Starting in 2033, power demand will outstrip the energy supply available to the five boroughs, which are virtually cut off from the upstate grid due to a lack of transmission lines, according to the study.

There are two main factors to blame: electrification of heating and transportation and the closure of the New York Power Authority’s small gas “peaker” plants.

The finding will force NYISO to solicit plans to close the gap, which may include keeping the plants open for longer than planned. (Last year’s legislation setting the 2030 deadline allows NYPA to hang onto the plants if closing them would jeopardize electric reliability.) A similar finding last year led the state to grant an extension to two privately owned peaker plants, which were due to retire by 2025 under pollution rules.

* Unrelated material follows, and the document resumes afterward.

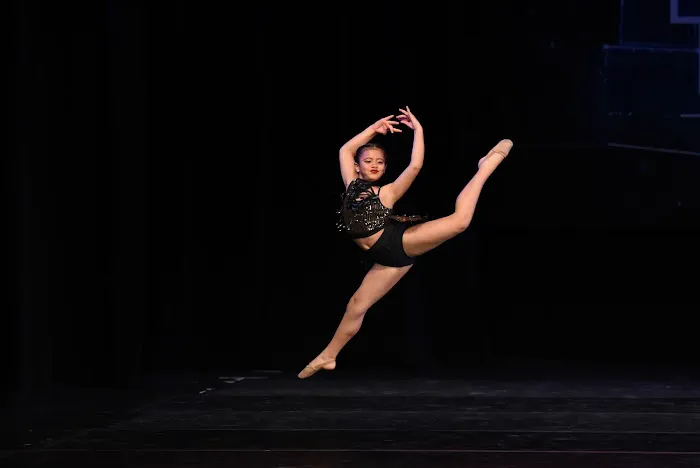 Kinetic Movement IE Picture 5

Hanging onto old plants is just one option. NYISO’s report said solutions could also include new transmission lines, something industry and climate hawks largely agree on. Environmental justice advocates also want to find ways to make it easier for consumers to use less power — particularly at peak times — rather than just building more infrastructure.

“Looking at supply is insufficient,” said Daniel Chu, senior energy planner at the New York City Environmental Justice Alliance and coauthor of a new PEAK Coalition report on the city’s grid. “We need to look at demand.”

The coalition proposes traditional energy efficiency measures, like home insulation and up-to-date appliances, but also a suite of technologies and incentives that allow households and businesses to spread their power use throughout the day. Those might include “smart” residential thermostats and water heaters; electric vehicles that can charge at off-peak hours and feed power back into the grid when it’s needed; and incentive programs that encourage consumers to shave their power use when the grid is strained.

These strategies could add up to a more flexible grid and “flatten the curve” of electricity demand — if grid operators can figure out how to piece them all together.

State regulators and utilities have already started testing those approaches. Environmental justice groups want them to pick up the pace.

One reason? Relying less on peaker plants could save money.

According to the US Department of Energy, developing a more flexible grid could meet peak power needs at less than half the cost of the aging plants. (These plants charge millions of dollars a year to stay open — even if they rarely run — in exchange for serving as a backstop for the grid.)

The PEAK Coalition notes that New York’s largest electric utility, Con Edison, lags behind peers in places like Chicago and even Indiana in enrolling customers for programs to reduce peak power use. (ConEd did not respond to a request for comment.)

But behind the scenes, regulators have been preparing for a wider sea change. Traditional rooftop solar — a core component of the decentralized approach — is the one area where New York has outpaced its climate law targets. And just last week, the state began looking for consultants to kick off larger upgrades to the grid allowing it to communicate with the technologies plugged into it.

NYISO said it’s on board with the effort, too. It is already counting on energy efficiency, alongside small-scale solar and batteries, to keep the grid balanced over the next decade. But Lanahan, NYISO’s communications head, said the grid operator wants to encourage more.

The biggest caveat in NYISO’s latest study, as with all forecasts, is the uncertainty around its underlying assumptions. Major projects that have been announced — like the state’s Empire AI center — can’t be incorporated into the grid operator’s models because their scale has yet to be determined. Nor can huge offshore wind projects that don’t have contracts yet, even though the state is still counting on them to meet its climate targets.

And when it comes to data centers, even the companies building them don’t know the full scale of what’s ahead, said John Wilson, vice president of the energy consultancy Grid Strategies.

“There’s a lot of technical planning and a lot of economic planning that is going on right now, trying to sort out what is needed and what can be built and what should be built,” Wilson said.

“I don’t think you’ll find anybody who’s got the secret model in their computer that actually has the answers to those questions.”